Santilli explica que as terras indígenas já demarcadas estão concentradas na Amazônia Legal. Por isso, a partir de agora haverá cada vez mais demarcações em outros biomas brasileiros. Entre as 13 TIs que devem ser homologadas, nove estão no Cerrado, na Caatinga e na Mata Atlântica.

— Isso é indicativo das demandas que ainda faltam resolver, que estão em boa medida concentradas fora da Amazônia. Há um grau de ocupação fundiária maior nessas outras regiões. Isso gera mais conflitos, o que aumenta a judicialização e, portanto, mais demora — disse o sócio-fundador do ISA.

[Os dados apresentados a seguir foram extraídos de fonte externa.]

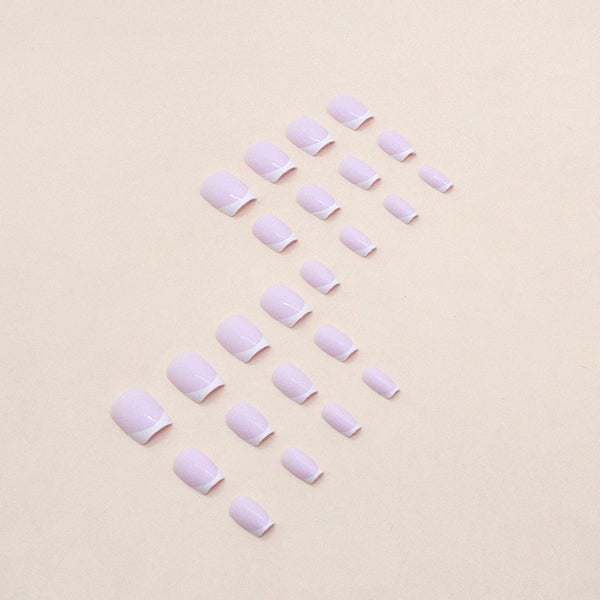 12 Sizes-24 Pcs Press On Nails W770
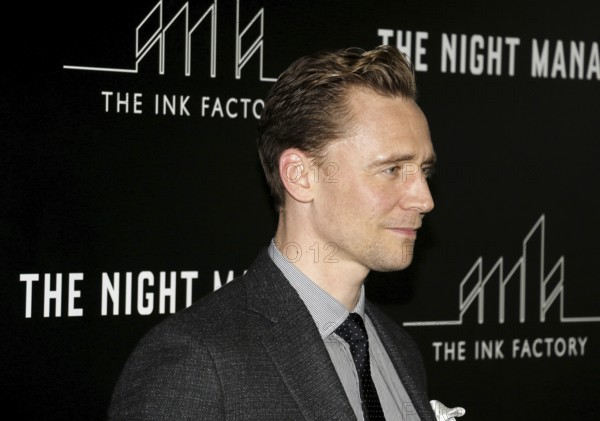 Tom Hiddleston at the Los Angeles premiere of AMC's 'The Night Manager' held at the DGA Theater in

Depois dessas 13 homologações, ainda vai haver mais 61 terras declaradas pelo Ministério da Justiça, a etapa anterior à homologação. Há ainda 124 em identificação (o estágio mais inicial, em estudo por grupo de trabalho nomeado pela Funai) e 43 identificadas (terras com relatório aprovado pela presidência da Funai), segundo o painel Terras Indígenas do ISA.

Mesmo com o apoio do governo federal, é improvável que todas elas sejam homologadas em quatro anos, avalia Dinamam Tuxá, da Apib. Muitas são questionadas na Justiça.

— Mas vamos tentar homologar o máximo que der nesse período — diz o líder indígena, que se diz ainda traumatizado com os últimos quatro anos.